*YOUR ASSIGNMENT:*
The lines below must be transcribed exactly as given, with the images removed.

*INFORMATION PROVIDED:*
···

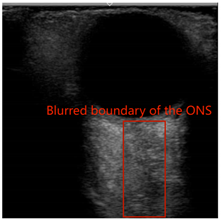 Electronics 13 03595 i002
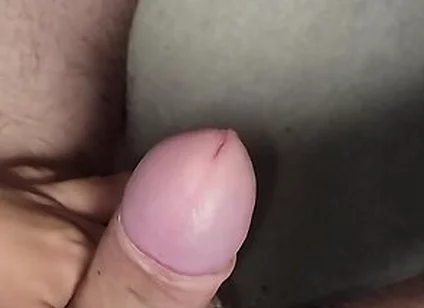I Slowly Masturbated The Phimosis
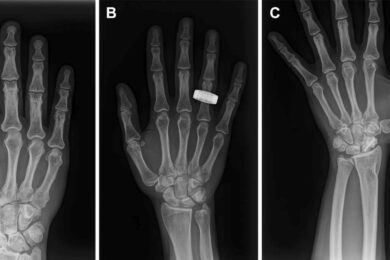 hand-x-rays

···

*ANSWER SECTION:*
 Electronics 13 03595 i002
I Slowly Masturbated The Phimosis
 hand-x-rays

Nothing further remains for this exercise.